A tremendous number of men had departed to help in the war effort. For instance, 571 out of 722 men in the Class of 1922, everyone who was physically fit, were in the service, some of them in training at the College, but most of them away.
University Encourages Return
Because so many men had left, the policy of the University was to encourage the return to academic life in every possible way. Following the Armistice, Army and Navy men whose studies had been interrupted by the war were allowed to re-enter immediately.
Courses were started over again in January and April 1919 for those who had returned. That year there were two summer school sessions of six and five weeks respectively. These extra sessions enabled the students who had been absent to catch up in their work, and to regain time that had been taken up in fighting.
The return to student life was encouraged most of all by the decision to grant degrees to men who had completed only three fourths of their work and had been in military service for one year. That meant that 12 months of service, a man could graduate with 12 courses and English A. The experience in the armed forces was considered as valuable as a year in College.

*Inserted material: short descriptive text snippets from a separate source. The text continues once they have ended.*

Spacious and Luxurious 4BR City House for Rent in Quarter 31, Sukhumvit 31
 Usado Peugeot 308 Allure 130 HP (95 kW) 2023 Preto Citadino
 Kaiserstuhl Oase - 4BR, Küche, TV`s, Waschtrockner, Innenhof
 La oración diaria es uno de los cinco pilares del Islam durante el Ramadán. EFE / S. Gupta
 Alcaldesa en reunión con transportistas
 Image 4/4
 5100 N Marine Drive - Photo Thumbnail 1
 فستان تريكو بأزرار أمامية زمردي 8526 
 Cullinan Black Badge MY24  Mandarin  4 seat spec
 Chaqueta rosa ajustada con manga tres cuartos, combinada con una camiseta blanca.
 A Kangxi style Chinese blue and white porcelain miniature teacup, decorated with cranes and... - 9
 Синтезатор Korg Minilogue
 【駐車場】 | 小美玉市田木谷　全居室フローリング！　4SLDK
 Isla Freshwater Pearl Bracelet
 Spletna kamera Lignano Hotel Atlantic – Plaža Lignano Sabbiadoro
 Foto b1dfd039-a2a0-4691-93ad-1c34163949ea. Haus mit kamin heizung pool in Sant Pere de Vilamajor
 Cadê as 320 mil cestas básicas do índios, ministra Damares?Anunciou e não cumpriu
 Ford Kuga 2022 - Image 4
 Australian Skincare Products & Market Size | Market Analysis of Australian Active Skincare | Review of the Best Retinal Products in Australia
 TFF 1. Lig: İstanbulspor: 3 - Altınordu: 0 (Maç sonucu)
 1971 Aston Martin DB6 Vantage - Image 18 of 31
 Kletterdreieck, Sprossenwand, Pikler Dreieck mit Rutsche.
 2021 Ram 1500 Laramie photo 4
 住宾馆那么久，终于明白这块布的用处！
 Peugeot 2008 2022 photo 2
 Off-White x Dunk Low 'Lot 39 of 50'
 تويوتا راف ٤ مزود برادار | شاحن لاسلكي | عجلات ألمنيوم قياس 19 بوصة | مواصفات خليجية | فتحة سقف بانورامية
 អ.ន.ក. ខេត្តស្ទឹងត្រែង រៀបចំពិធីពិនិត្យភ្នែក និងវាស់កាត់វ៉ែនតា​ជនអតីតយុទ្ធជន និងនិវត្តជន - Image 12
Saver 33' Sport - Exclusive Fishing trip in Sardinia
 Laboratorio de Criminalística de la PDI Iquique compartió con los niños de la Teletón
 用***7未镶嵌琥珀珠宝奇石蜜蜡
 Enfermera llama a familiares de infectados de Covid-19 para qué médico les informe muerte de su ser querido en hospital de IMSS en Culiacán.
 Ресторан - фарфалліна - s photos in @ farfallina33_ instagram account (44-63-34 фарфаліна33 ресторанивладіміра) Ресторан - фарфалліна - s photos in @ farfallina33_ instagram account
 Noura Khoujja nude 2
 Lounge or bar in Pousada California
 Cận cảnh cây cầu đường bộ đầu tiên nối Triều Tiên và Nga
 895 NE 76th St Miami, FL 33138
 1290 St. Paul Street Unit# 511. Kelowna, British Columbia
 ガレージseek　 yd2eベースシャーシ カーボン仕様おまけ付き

That these measures were successful is shown by the fact that only 96 men in the Class of 1919 who received War Certificates failed to complete the requirements for the degree. On the other hand, 216 students in that same class returned to the College and fulfilled the shortened requisites for graduation. One hundred and fifty of these degrees were given in the Class of 1920.
There was a decline in the number of students who got the shortened degree in the following classes because these students had not been in the armed forces in such large numbers, and they preferred to spend the full four years in Cambridge.